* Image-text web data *
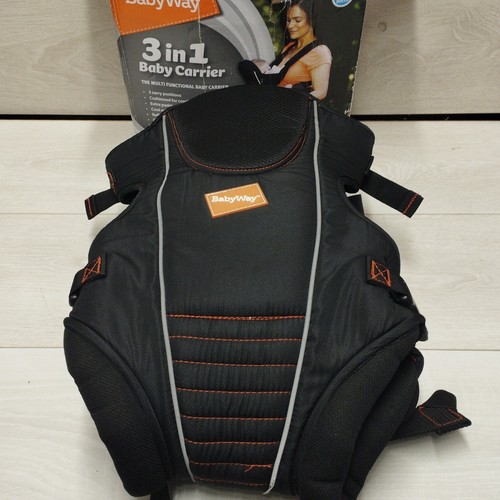Baby carrier babyway 1 - carrier,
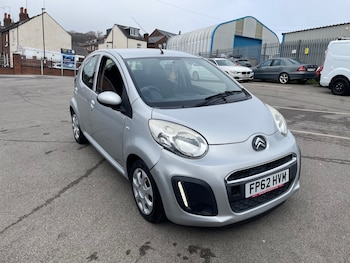 Used Citroen C1 2012 for sale - 78583488: Photo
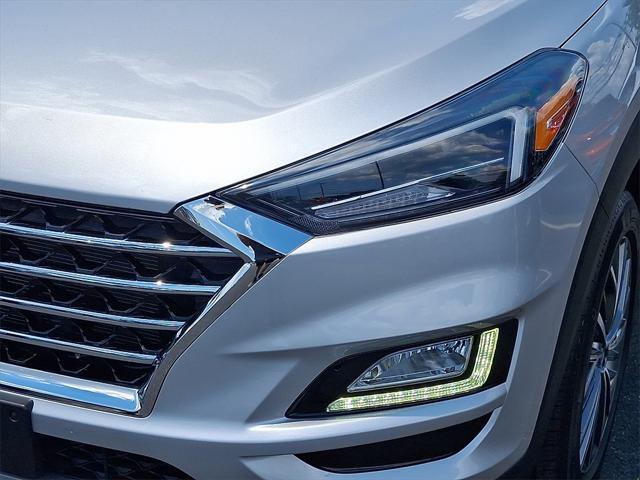 used 2021 Hyundai Tucson car, priced at $25,357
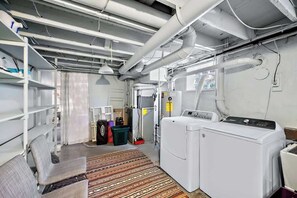 Interior - Explore Denver From Our Spacious Retreat (Denver)
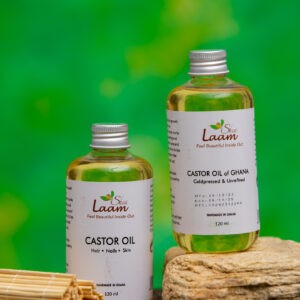 Castor Seed Oil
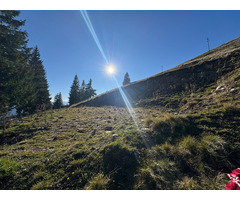 Teren de vânzare – zonă turistică Șanț (Bistrița-Năsăud), aproape de pârtie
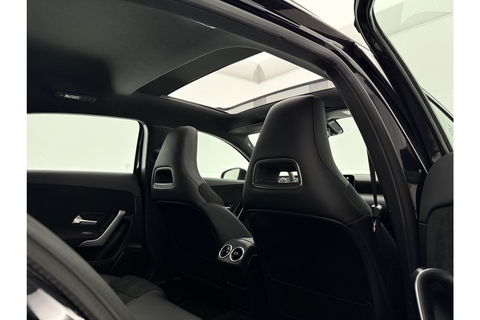 Mercedes-Benz A-Klasse 200 AMG 164PK Pano LED Virtual Camera Clima Cruise Navi PDC 18''LMV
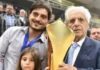 Ο Δημήτρης καμαρώνει για τον Παύλο Γιαννακόπουλο (ΒΙΝΤΕΟ)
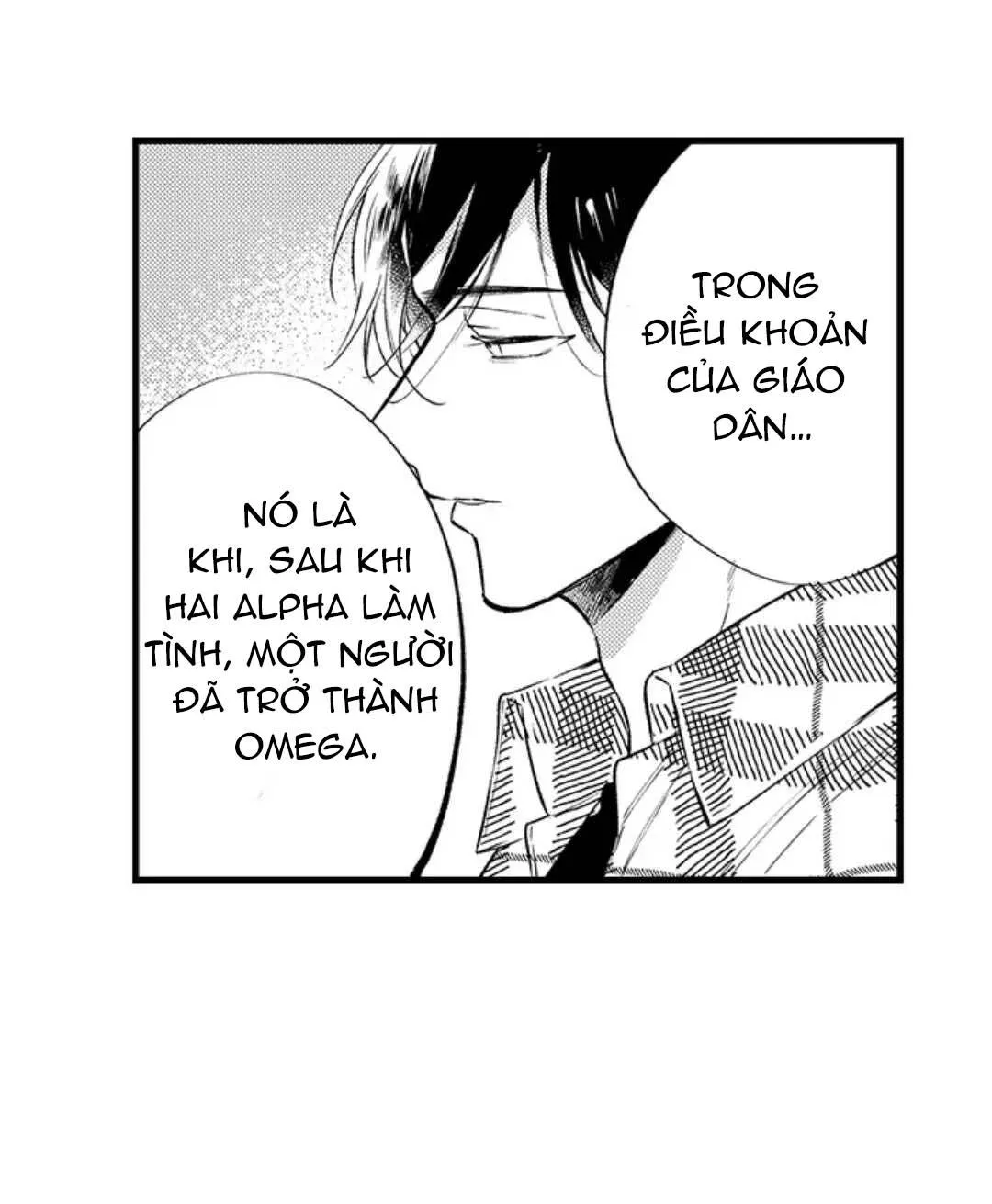 Ly Hôn Đi, Hỡi Ngài Alpha Chapter 24 Trang 10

* Task to carry out *
Output each line above exactly. Skip the images.

* Exercise answer *
Baby carrier babyway 1 - carrier,
 Used Citroen C1 2012 for sale - 78583488: Photo
 used 2021 Hyundai Tucson car, priced at $25,357
 Interior - Explore Denver From Our Spacious Retreat (Denver)
 Castor Seed Oil
 Teren de vânzare – zonă turistică Șanț (Bistrița-Năsăud), aproape de pârtie
 Mercedes-Benz A-Klasse 200 AMG 164PK Pano LED Virtual Camera Clima Cruise Navi PDC 18''LMV
 Ο Δημήτρης καμαρώνει για τον Παύλο Γιαννακόπουλο (ΒΙΝΤΕΟ)
 Ly Hôn Đi, Hỡi Ngài Alpha Chapter 24 Trang 10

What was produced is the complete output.